Mon Dec 03 10:30 AM -- 10:40 AM (PST) @

Guided by the goal of obtaining an optimization algorithm that is both fast and yielding good generalization, we study the descent direction maximizing the decrease in generalization error or the probability of not increasing generalization error. The surprising result is that from both the Bayesian and frequentist perspectives this can yield the natural gradient direction. Although that direction can be very expensive to compute we develop an efficient, general, online approximation to the natural gradient descent which is suited to large scale problems. We report experimental results showing much faster convergence in computation time and in number of iterations with TONGA (Topmoumoute Online natural Gradient Algorithm) than with stochastic gradient descent, even on very large datasets.

Author Information

Nicolas Le Roux (Microsoft Research)
Pierre-Antoine Manzagol (Google)
Yoshua Bengio (Mila / U. Montreal)

Yoshua Bengio (PhD'1991 in Computer Science, McGill University). After two post-doctoral years, one at MIT with Michael Jordan and one at AT&T Bell Laboratories with Yann LeCun, he became professor at the department of computer science and operations research at Université de Montréal.
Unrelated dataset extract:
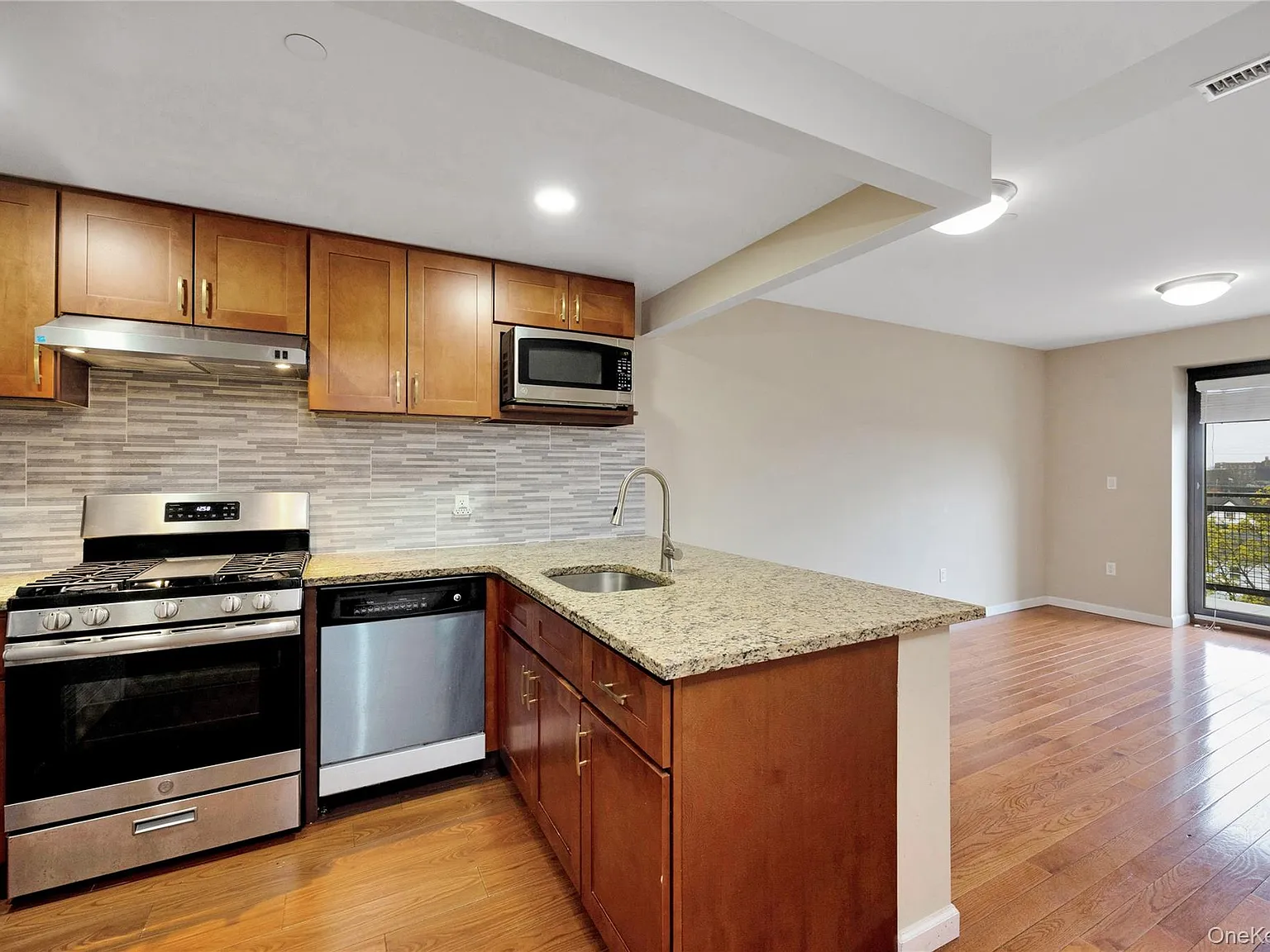 1 bed, 1.0 bath, $2,750 — Photo 3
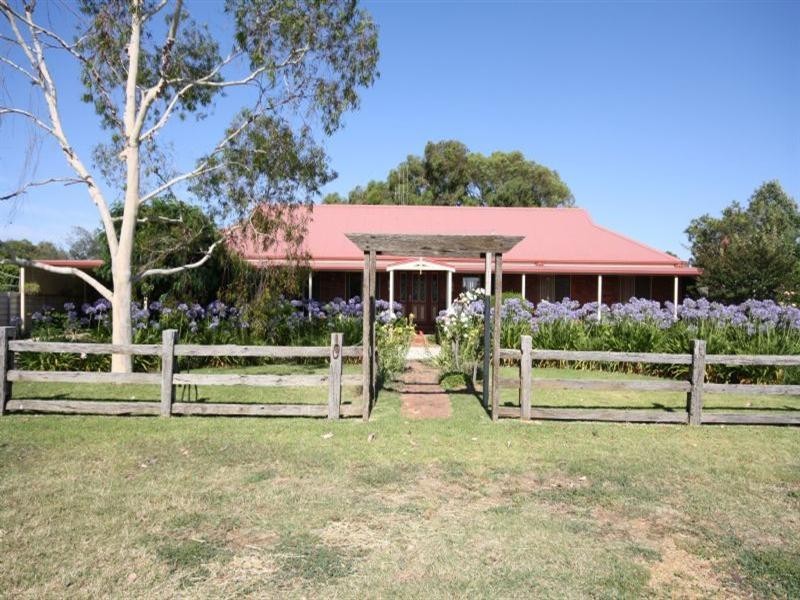 60 Francis Street, Rochester VIC 3561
Author of two books (a third is in preparation) and more than 200 publications, he is among the most cited Canadian computer scientists and is or has been associate editor of the top journals in machine learning and neural networks. Since '2000 he holds a Canada Research Chair in Statistical Learning Algorithms, since '2006 an NSERC Chair, since '2005 his is a Senior Fellow of the Canadian Institute for Advanced Research and since 2014 he co-directs its program focused on deep learning. He is on the board of the NIPS foundation and has been program chair and general chair for NIPS. He has co-organized the Learning Workshop for 14 years and co-created the International Conference on Learning Representations. His interests are centered around a quest for AI through machine learning, and include fundamental questions on deep learning, representation learning, the geometry of generalization in high-dimensional spaces, manifold learning and biologically inspired learning algorithms.